Выбрать главу

Еврейские философы занимались переводами произведений Ибн-Рушда, в частности, в толедской школе переводчиков, основанной в XII в. специально для перевода на латинский язык трудов мусульманских философов и ученых. Именно в Толедо была начата работа по переводу произведений Ибн-Рушда Михаилом Скотом и Германом Немцем, которые в 1217–1256 гг. перевели большие комментарии Аверроэса к аристотелевским сочинениям «О небе», «О душе», «Метафизика», средние комментарии к книгам «Риторика», «Поэтика», «О небе», «О возникновении и уничтожении», «Никомахова этика» и малые комментарии к мелким естественнонаучным работам Стагирита. Творчество этих переводчиков помимо Толедо протекало также при дворе Гогенштауфенов в Сицилии, которая была другим наиболее ранним центром распространения идей Ибн-Рушда в христианском мире.

В этот мир кордовский мыслитель вошел как «комментатор по преимуществу», снискав в качестве такового славу непревзойденного мастера даже в глазах противников; поклонники же арабского философа осыпали его не менее восторженными похвалами как толкователя Аристотеля, чем те, которые сам Ибн-Рушд адресовал Стагириту как «истолкователю» природы. Что касается собственных сочинений Аверроэса, то они стали доступны западноевропейским читателям значительно позже его комментариев. Между тем философские взгляды кордовского мыслителя были взяты на вооружение в идейной борьбе, разгоревшейся в Западной Европе, уже тогда, когда его знали там только по комментариям, что, несомненно, само по себе может служить наглядным свидетельством творческого характера подхода Ибн-Рушда к интерпретации аристотелизма, самостоятельности и оригинальности его мысли.

Париж был первым университетским городом Европы, в котором имя Аверроэса стало связываться с умонастроениями, оппозиционными к ортодоксальной теологии. Комментарии Ибн-Рушда к работам Аристотеля здесь стали известны примерно в 1230 г. В это время аристотелевское учение сталкивалось с противоборством склонявшихся к платонизму францисканских богословов, между тем как доминиканские теологи пытались приспособить его к требованиям христианского мировоззрения.
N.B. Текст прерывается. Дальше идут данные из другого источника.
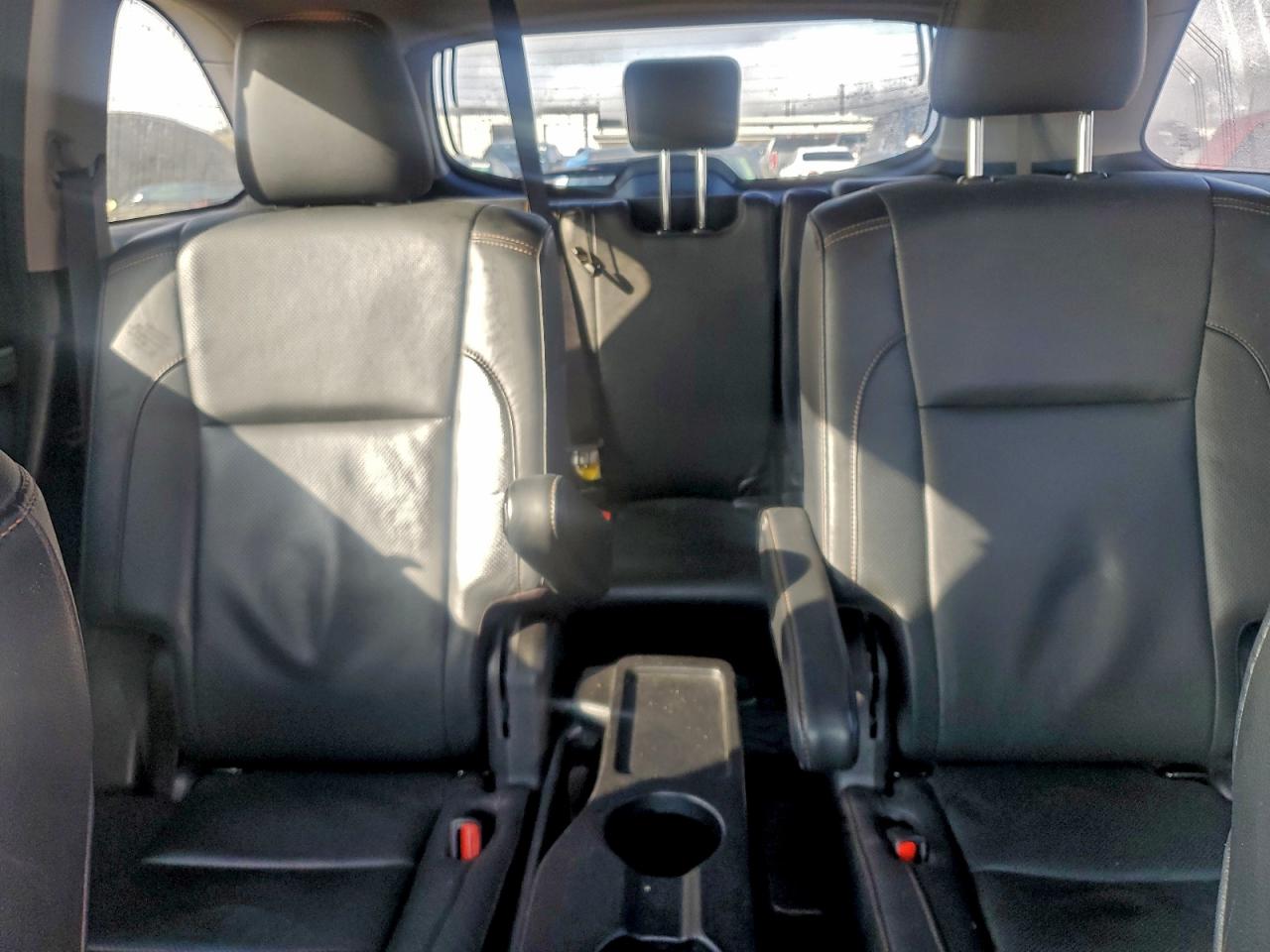 2017 TOYOTA HIGHLANDER HYBRID LIMITED photo 10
Переработкой аристотелевского учения в духе католицизма занялись два профессора богословского факультета Парижского университета — Альберт Великий (1193–1280) и Фома Аквинский (ум. в 1274 г.); их деятельность на этом поприще явилась примером христианизации великого античного философа, о результатах которой В. И. Ленин писал: «Поповщина убила в Аристотеле живое и увековечила мертвое» (2, стр. 325).

Именно этим попыткам выхолостить из учения Стагирита живое содержание противодействовало другое направление среди последователей Аристотеля в Парижском университете — направление, сложившееся на факультете искусств и опиравшееся при объяснении аристотелевских концепций на толкования Ибн-Рушда. Крупнейшим представителем этого направления был Сигер Брабантский (ум. ок. 1282 г.), который выступил с утверждениями о вечности мира, о невозможности для бога знать единичные предметы и явления, о единстве и вечности надындивидуального человеческого разума и бренности индивидуальной души. В вопросе об отношении между верой и знанием он придерживался той точки зрения, что некоторые логически необходимые философские выводы могут не согласоваться с христианской догмой, и, таким образом, выступил как один из первых в европейской философии поборников концепции «двойственной истины».

О быстроте, с какой идеи кордовского мыслителя завоевали признание в свободомыслящих кругах Парижского университета, свидетельствует то, что в 1256 г. по поручению папы Альберт Великий выступил со специальным полемическим трактатом «О единстве разума против Аверроэса», а около 1270 г. Фома Аквинский составил трактат с аналогичным названием, в котором, однако, говорилось не «против Аверроэса», а уже «против аверроистов». Что касается темы, лежащей в основе обоих этих трактатов, то она была не столь «академична», как это может показаться на первый взгляд: речь в них шла об аверроистском тезисе, отрицавшем индивидуальное бессмертие, возможность телесного и духовного воскрешения в судный день, способность бога отличить в загробном царстве праведника от грешника, Петра от Иуды, т. е. о тезисе, подрывавшем самые основы христианской эсхатологии, морали и веры вообще.